▶ Raw data

◆ ◆ ◆

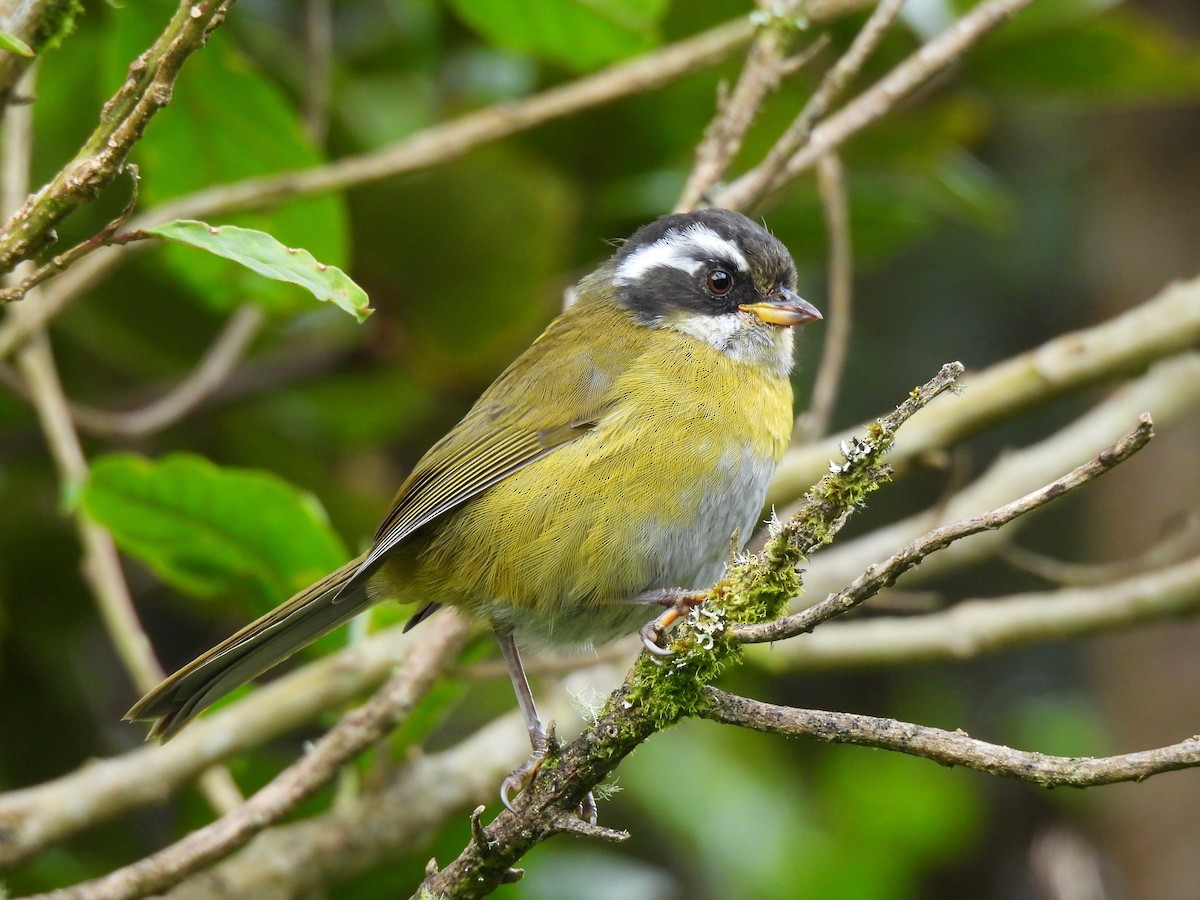 Sooty-capped Chlorospingus - ML638110621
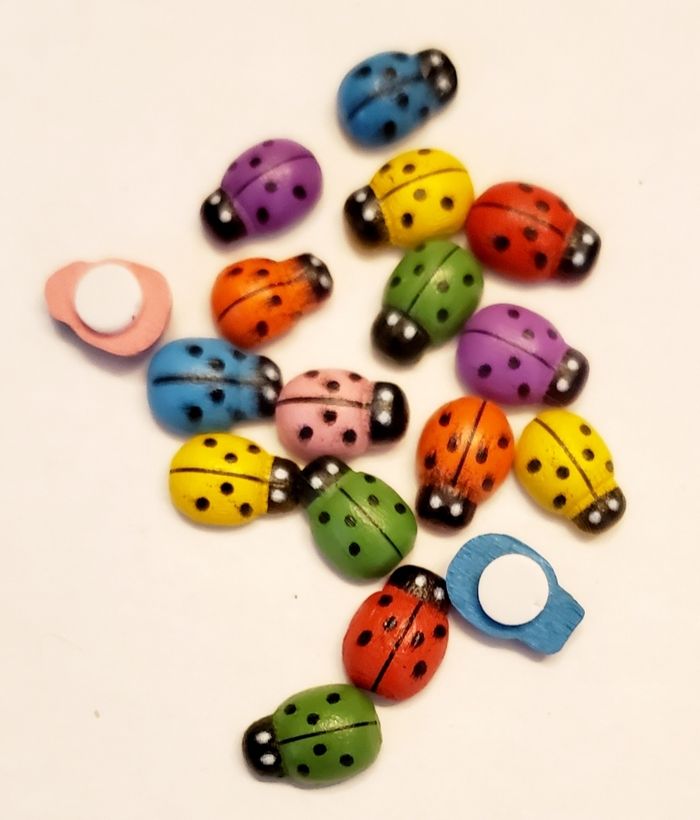 16 Coccinelles en bois - photo numéro 2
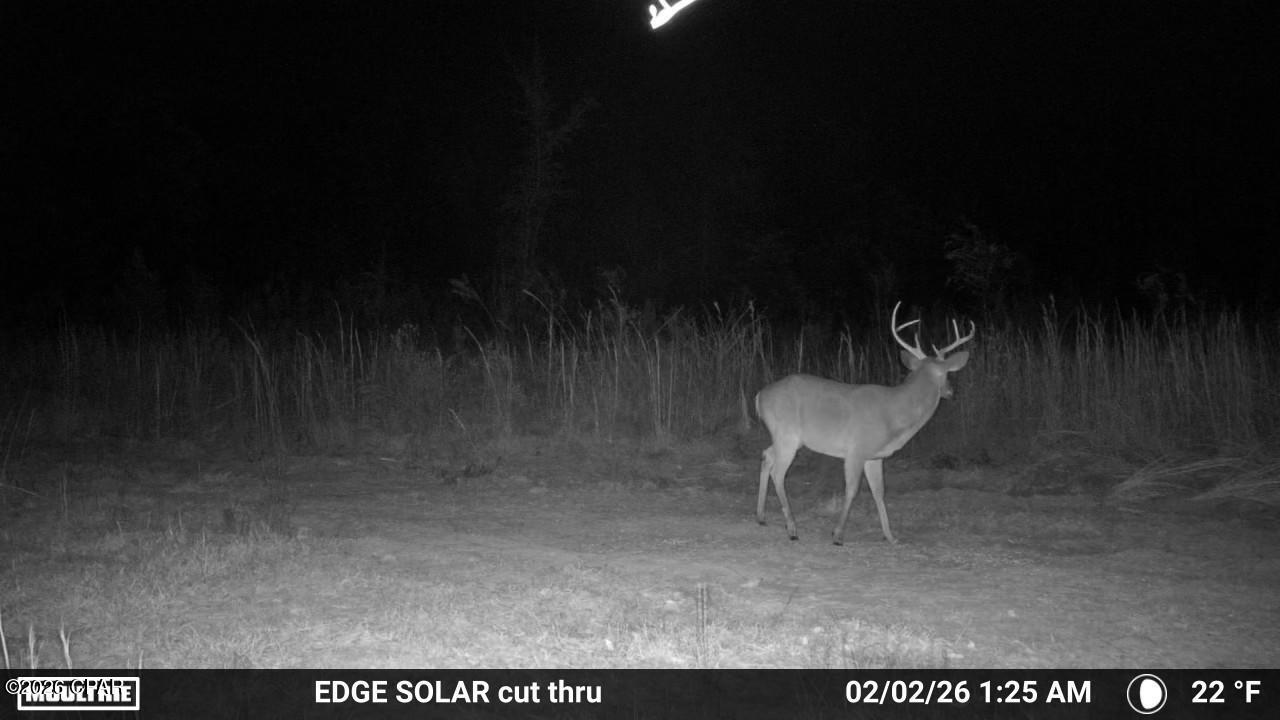 1112 Max Herrin Road Chattahoochee, FL 32324 - Photo 69 of 70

◆ ◆ ◆

Retype the data shown above exactly, excluding any picture it contains.

 Sooty-capped Chlorospingus - ML638110621
 16 Coccinelles en bois - photo numéro 2
 1112 Max Herrin Road Chattahoochee, FL 32324 - Photo 69 of 70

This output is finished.